Now, cancer in general, there's different ways of diagnosing cancer. And, for different types of cancers, there's different diagnostic protocols. For colon cancer specifically, the most effective way is to do a colonoscopy as you know. And, everyone needs to get their colonoscopy because not only can a colon cancer be diagnosed before it even reach Stage 1 —

Ben:  Because it's a tiny little polyps.

Darshan:  Exactly because it starts inside of a polyp. When you do a colonoscopy, you can see the polyp and you can actually remove it. And so, now, you're diagnosing and treating colon cancer at pre-Stage 1. So, for you with this extensive family history of colon cancer, rather than waiting until your tummy hurts or you have severe constipation or even worse, why not just do a colonoscopy once every couple of years and remove these polyps?
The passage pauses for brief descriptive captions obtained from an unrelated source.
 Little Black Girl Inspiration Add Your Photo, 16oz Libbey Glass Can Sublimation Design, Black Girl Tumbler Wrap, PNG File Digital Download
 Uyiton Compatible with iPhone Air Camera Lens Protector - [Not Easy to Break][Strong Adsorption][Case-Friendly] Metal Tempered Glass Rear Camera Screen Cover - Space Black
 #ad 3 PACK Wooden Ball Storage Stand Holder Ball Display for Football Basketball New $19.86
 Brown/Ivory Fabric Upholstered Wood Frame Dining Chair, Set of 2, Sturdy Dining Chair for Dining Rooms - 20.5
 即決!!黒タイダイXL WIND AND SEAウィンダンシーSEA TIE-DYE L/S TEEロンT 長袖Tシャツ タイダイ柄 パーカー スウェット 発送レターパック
Ben:  Because people say they're risky, that's why. They say you're getting a colon perforated or there's issues with anesthesia. This is just a few days ago, I read that you should talk to your physician because they don't properly clean a lot of the equipment used in colonoscopies, and all sorts of fear or fearmongering at least out there about colonoscopies.

Darshan:  Yeah, there's so much fearmongering. And, I can tell you that the equipment cleaning thing, I mean someone probably read one article about that somewhere. If you go to a reputable gastroenterologist, they are excellent of cleaning their equipment, their perforation rate, you should always ask what is your perforation rate is minimal. And, the anesthesia is the most minimal anesthesia you can get and it's extremely safe. Look, not everyone needs to get a colonoscopy every couple years, but your extensive family history, my advice to you would be to do them more frequently than not do them.
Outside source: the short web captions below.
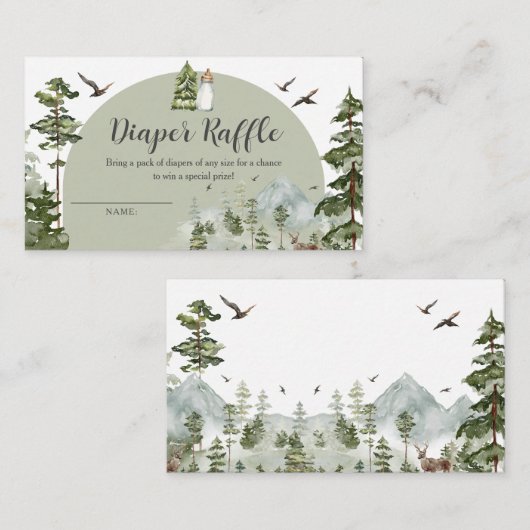 Oh Boy Adventure Pine Forest Luier Raffle Informatiekaartje (Voorkant / Achterkant)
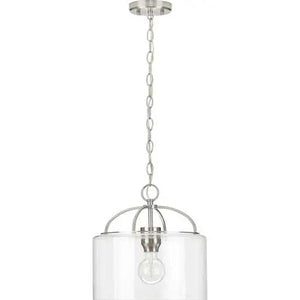 1 Light Brushed Nickel Clear Glass Shade Pendant Light Fixture 2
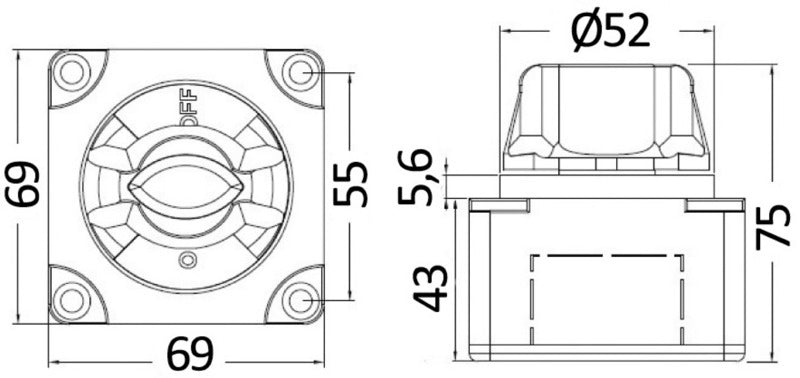 Battery switch 300A OFF-ON-BOTH - foto originale Osculati Srl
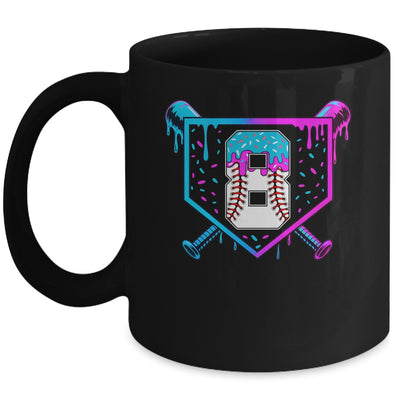 Baseball 8th Birthday Ice Cream Drip 8 Year Old Birthday Boy Mug | teecentury
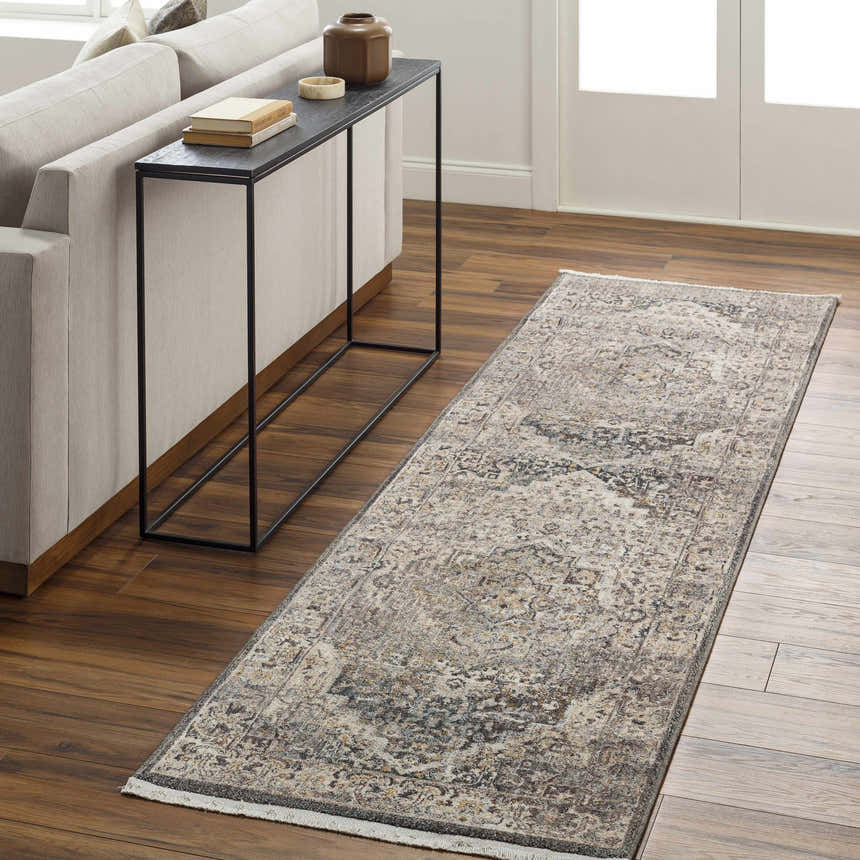 Living room scene with a beige sofa, console table, and a beige and charcoal Rada Area Rug runner. Roomscene-Runner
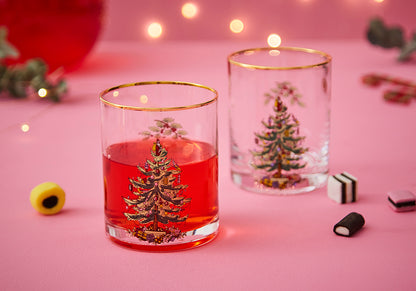 Spode Christmas Tree Lowball Glasses Set of 4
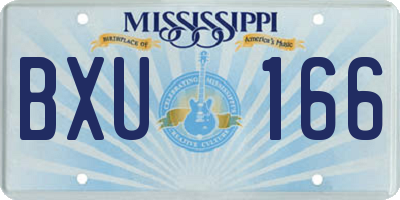 MS license plate BXU166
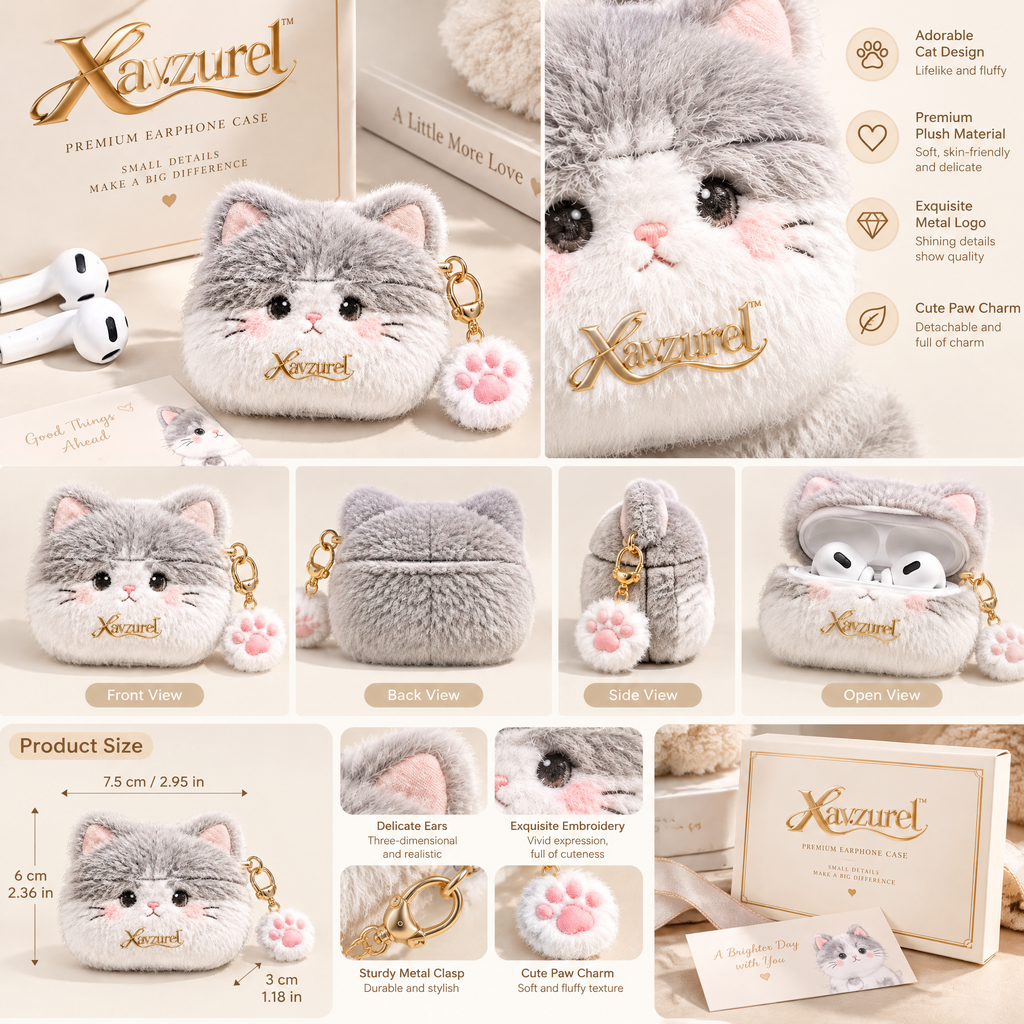 Xavzurel™ Fluffy Cat Earbud Case with Paw Charm — features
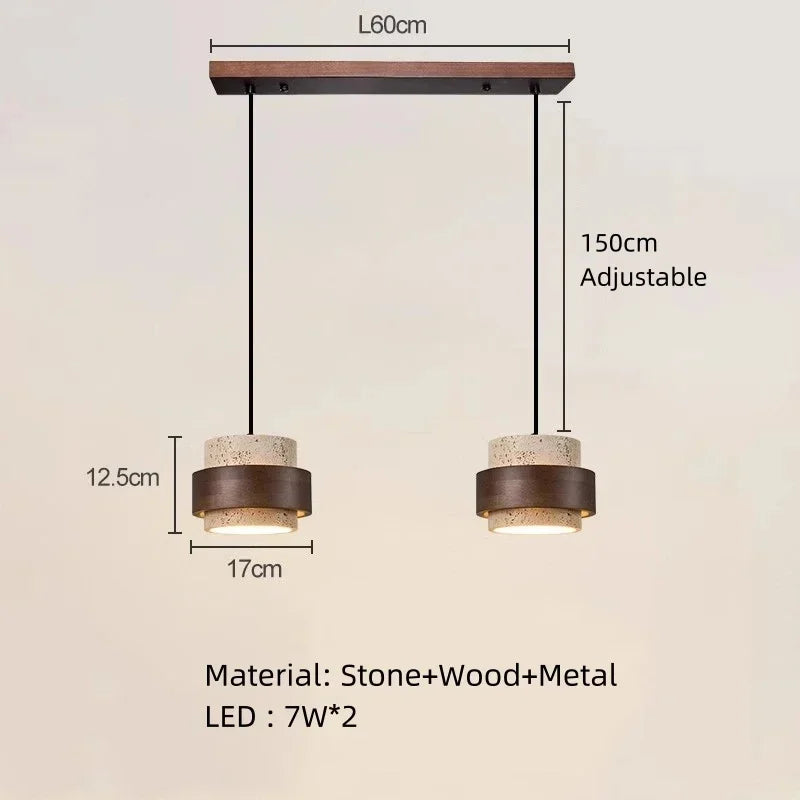 Suspension lumineuse pierre bois texture naturelle moderne salon chambre restaurant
Ben:  Yeah, yeah. When you say more frequently, you think if you have a high family risk of a certain type of cancer like colon cancer, like yearly?
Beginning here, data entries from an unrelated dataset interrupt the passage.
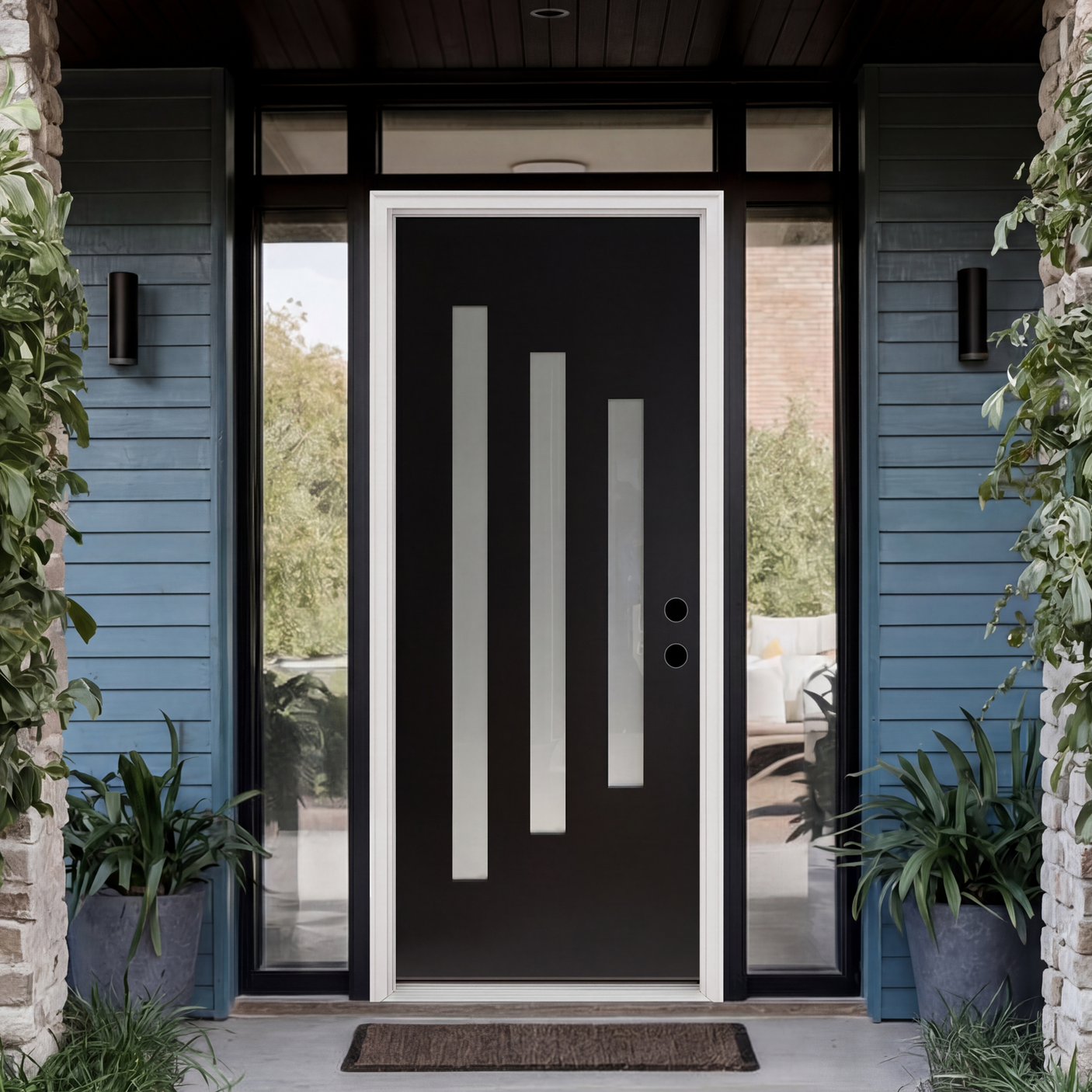 36" x 80" Black Fiberglass Entry Door – 3-Lite Frosted Glass, Prehung with Vinyl Frame & Brickmould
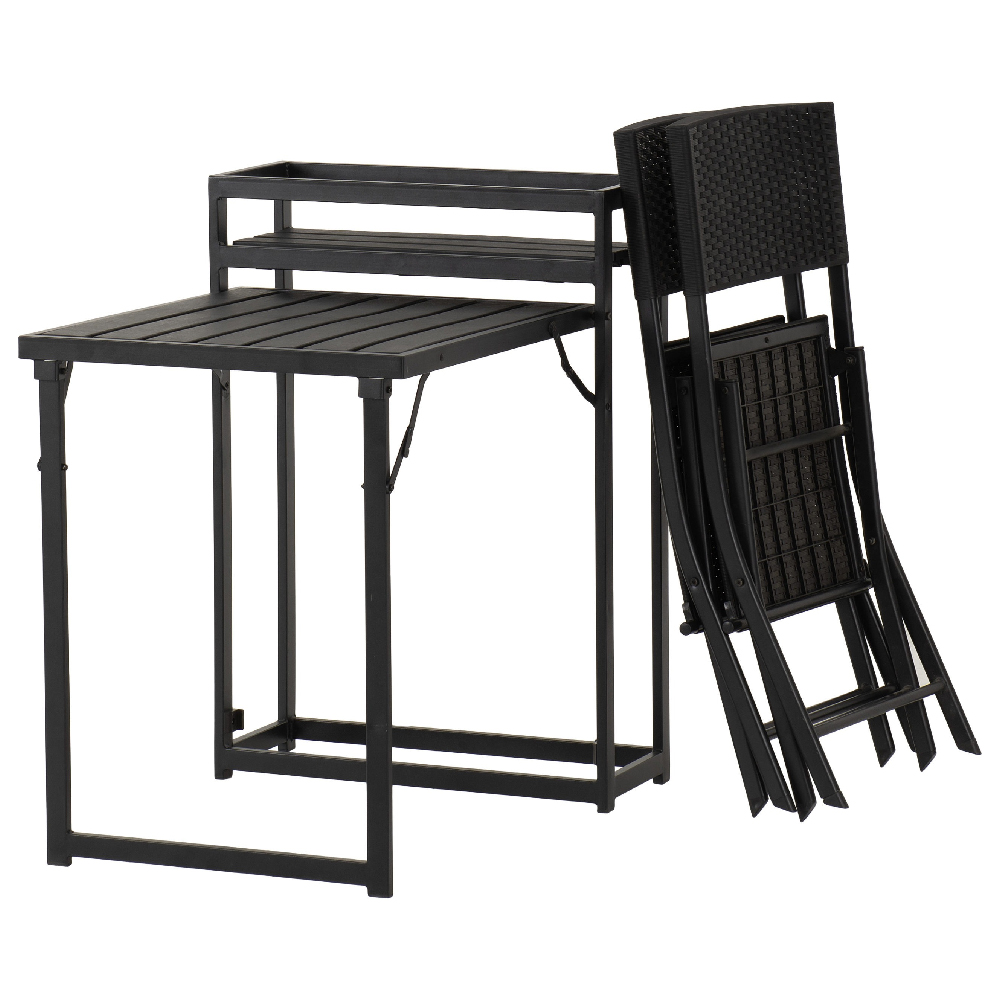 Fontana Metal Foldaway 3 Piece Bistro Set In Black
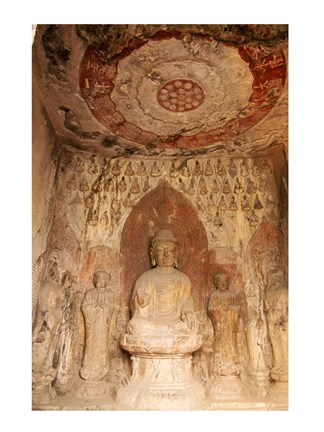 Framed Buddha statue, Longmen Buddhist Caves, Luoyang, China Print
Darshan:  Every couple years.

Ben:  Every couple of years.

Darshan:  Every two to three years, I would say.

Ben:  And, I recently interviewed Dr. Ahvie Herskowitz from San Francisco about this, and I'll certainly link to that podcast in the shownotes. We had a very frank discussion about the rate of cancer growth and how it can be accelerated and also the increased rates of cancer in young populations. We talked a little bit about liquid cancer biopsies like being able to diagnose cancer from a blood like RGCC or GRAIL test or something like that. You ever messed around with any of those?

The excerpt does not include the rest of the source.